对任意节点ni,ni的深度为从根到ni的唯一路径的长。ni的高是从ni到一片树叶的最长路径的长。(不同的书定义不一样,知道这个概念就好) 参考《Data Structures and Algorithm Anylysis in Java》
树的实现
一种简单的实现方式:将每个节点的所有儿子都放在树节点的链表中。
class TreeNode{ Object element; TreeNode firstChild; TreeNode nextSibling; }
其中firstChild(第一个儿子)的链,nextSibling(下一个兄弟)的链。
如上图所示,E有一个链指向第一个儿子(H),也有一个链指向下一个兄弟(F)。
树的应用
先序遍历:访问根节点;访问根节点的左子树;访问根节点的右子树
一个应用就是列出目录中的所有文件的名字:
private void listAll(int depth) { printName(depth);//Print the name of the object if (isDirectory()) for each file c in thid directory (for each child) c.listAll(depth + 1); } pulic void listAll() { listAll(0); }
后序遍历:访问根节点的左子树;访问根节点的右子树;访问根节点
一个应用就是算出磁盘的大小:
public int size() { int totalSize = sizeOfThisFile(); if (isDirectory()) for each file c in thid directory (for each child) totalSize += c.size(); return totalSize; }
中序遍历:访问根节点的的左子树;访问根节点;访问根节点的右子树。
二叉树
二叉树是一棵树,其中每个节点都不能有多余两个儿子。
class BinaryNode{ Object element; BinaryNode left; BinaryNode right; }
具有N个节点的每一棵二叉树都将需要N+1个null链。
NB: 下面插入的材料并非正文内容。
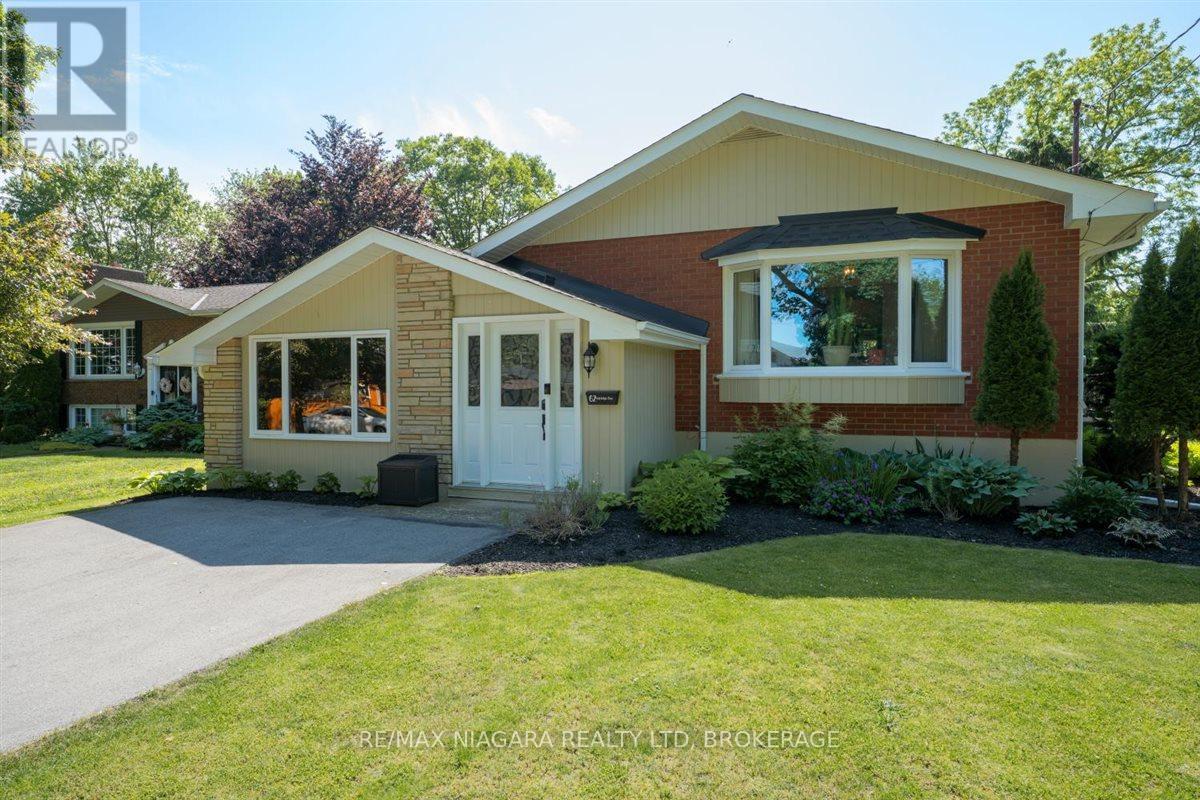 Property at 62 OAKRIDGE CRESCENT E image 3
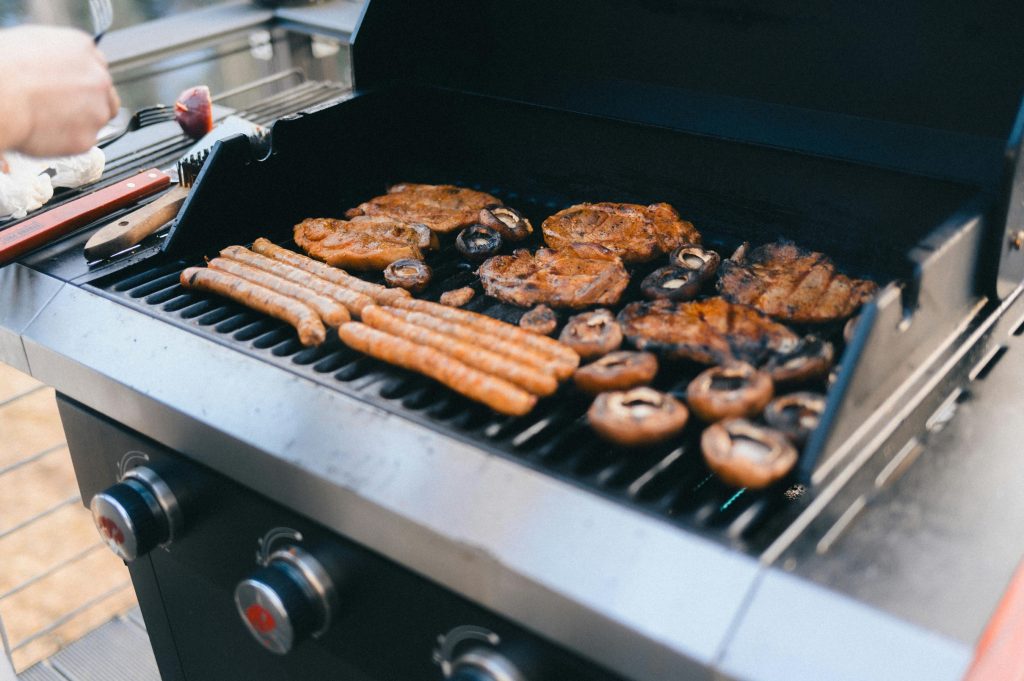 Sådan forvandler du din gasgrill til en snedig pizzaovn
(2N(总边树) – (N – 1)(树的边数))
表达式树
表达式树:树叶是操作数(常数或者是变量名),而其他节点为操作符。
对表达式树进行中序遍历就能到了中缀表达式,后序遍历则是后缀表达式。
上图为(a+b*c)+((d*e+f)*g)的表达式树。
构造表达式树
对于一个后缀表达式。如果符号的操作数,则建立一个单节点并将它推入栈中,如果符号的操作数,那么就从栈中弹出两棵树T1和T2(先弹出的为右子树)并形成一棵新的树,该树的根就是操作符。
二叉查找树
使二叉树成为二叉查找树的性质是,对于树中的每个节点X,它的左子树中所有的项的值都小于X,它的右子树中所有项的值都大于X。二叉查找树的平均深度为O(logN)
代码实现:
public class BinarySearchTree<T extends Comparable<? super T>> { private static class BinaryNode<T> { T element; BinaryNode<T> left; BinaryNode<T> right; BinaryNode(T e) { this(e, null, null); } BinaryNode(T e, BinaryNode<T> l, BinaryNode<T> r) { element = e; left = l; right = r; } } private boolean contains(T x, BinaryNode<T> root) { if (root == null) return false; int compare = x.compareTo(root.element); if (compare > 0) return contains(x, root.right); else if (compare < 0) return contains(x, root.left); else return true; } private BinaryNode<T> findMax(BinaryNode<T> root) { if (root == null) return null; else if (root.right == null) return root; return findMax(root.right); } private BinaryNode<T> findMin(BinaryNode<T> root) { if (root == null) return null; while (root.left != null) root = root.right; return root; } private BinaryNode<T> insert(T x, BinaryNode<T> root) { if (root == null) return new BinaryNode<T>(x); int compare = x.compareTo(root.element); if (compare > 0) root.right = insert(x, root.right); else if (compare < 0) root.left = insert(x, root.left); return root; } private BinaryNode<T> remove(T x, BinaryNode<T> root) { if (root == null) return root; int compare = x.compareTo(root.element); if (compare > 0) root.right = remove(x, root.right); else if (compare < 0) root.left = remove(x, root.left); //左右子树都不为空,则将待删除的节点的值设为右子树中最小的(不会有左儿子,会方便第二次remove),再从右子树中删除改值。 else if (root.left != null && root.right != null){ root.element = findMin(root.right).element; root.right = remove(root.element, root.right); }else//涵盖了一个为空或者两个都为空的情况 root = (root.left != null) ? root.left : root.right; return root; } }
AVL树
REF:http://blog.csdn.net/pacosonswjtu/article/details/50522677
一个AVL树是其每个节点的左子树和右子树的高度最多差1的二叉查找树。
插入一个节点可能破坏AVL树的特性,而这总可以通过对树进行简单的修正来做到,我们称其为旋转。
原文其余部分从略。